There is a movement afoot to make it illegal to require that a victim of sexual harassment sign an agreement requiring her or him to not tell anyone.

But first, some activists have argued that men charged with sexual harassment but who reached agreements with their accusers to not disclose in exchange for money should voluntarily release them from these agreements so they can be named and publicly shamed.

These activists virtually never admit or concede or even acknowledge that since the women/victims were paid a “settlement” in exchange for this agreement, that they should then return the money.  No, they should be allowed to accept a large settlement in exchange for their silence and then turn around and break the agreement for which they were paid, with impunity.

By accepting these agreements– and the money, of course– one might conclude that these women actually facilitated the abuse of other women who might otherwise have been informed about the transgressive behavior of this particular male.  But nobody wants to admit that, so let’s move on.  That would make women complicit.  That would undermine the narrative that it is always men who abuse.

It might also lead to distasteful thoughts about victims who might be after money and who might be willing blur a few distinctions in order to get it.   The CBC allowed three women panelists to insist that there is never any “collateral damage”, in other words, men who might be innocent of allegations made by a woman.  There are no “false allegations”.   This is easily debunked, but the CBC did not present any counter arguments.  In fact, it is ridiculously easily debunked.

So now it is proposed that such agreements should never be made.  I wonder if these activists, including several members of Congress, realize the implications of this change.

In a typical case of sexual harassment– though none are really “typical”– a woman is the victim of inappropriate and harassing behaviours by a male employee, coworker, customer, or supervisor.  Perhaps she complains to a supervisor or an HR staff member about the behavior.   A meeting may be arranged.  The man is confronted with the woman’s account of the incident.

Here’s the crux.  The goal of the HR department and the company will be to keep the name of the company from being dragged through the mud, which is typically why they offer money to the woman to go away and keep silent.  In these situations, the perpetrator may be convinced to confess and apologize and acknowledge wrong-doing.   But under the new regime– no “non-disclosure” agreement– the man and the company that employs him have very little incentive to offer a settlement to the woman.  She can go public anyway.

She cannot be asked to sign an agreement that, in exchange for the money, she will not go public.  The perpetrator has no incentive to apologize.  The HR Department has no incentive to pay.  They may take their chances in court instead.

It is possible that some companies will acknowledge fault and offer the woman money anyway, trusting that disclosure of the fact that they offered her compensation will be enough to salvage the company’s reputation.   The alleged abuser may also acknowledge fault and offer to “make it right”.

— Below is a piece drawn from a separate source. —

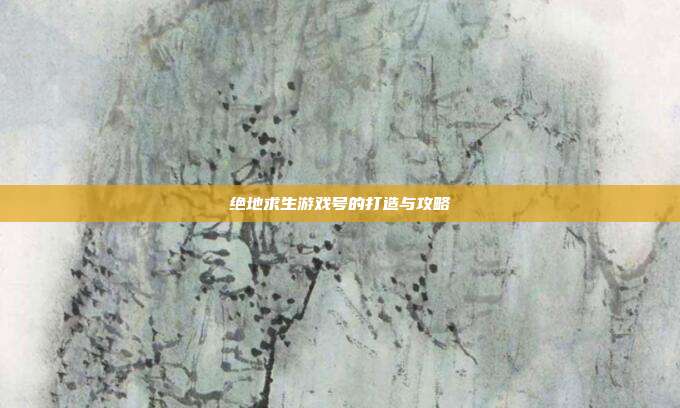 绝地求生游戏号的打造与攻略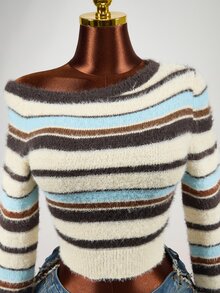 Mistrie Y2K Asymmetrical Shoulder Colorblock Striped Fuzzy Cropped Long Sleeve Knit Sweater - Blue - View 7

Or given that there is no possibility of confidentiality, will the alleged abuser choose instead to deny, deny, deny, like Donald Trump and Roy Moore?  And accuse the woman of lying?  And, probably, put a lot of effort into attempting to discredit the accusations?  In a situation in which, otherwise, the woman might have been offered an apology and a lot of money in exchange for her silence?

Would most women prefer this option?  Might they find the prospect of a determined fight distasteful and prefer to just keep quiet about it.  Might they not begin to conclude that it’s not worth the hassle?

The women activists pushing this option might well be convinced that things have changed so much that accusations will always be believed and companies always penalized and the money forthcoming always, easily, and generously.

They can sue instead.  But you can’t sue without the accused having the right to defend himself.  That means he (his lawyers, that is) can cross-examine.  That means you might have to testify.   Many feminist lawyers despise cross-examination in these cases because they seem to believe that the woman should be automatically be assumed to be telling the truth, they way they were all telling the truth about Jian Ghomeshi.  Until cross-examination.  Until the e-mail messages were revealed.   Until it was shown that they lied.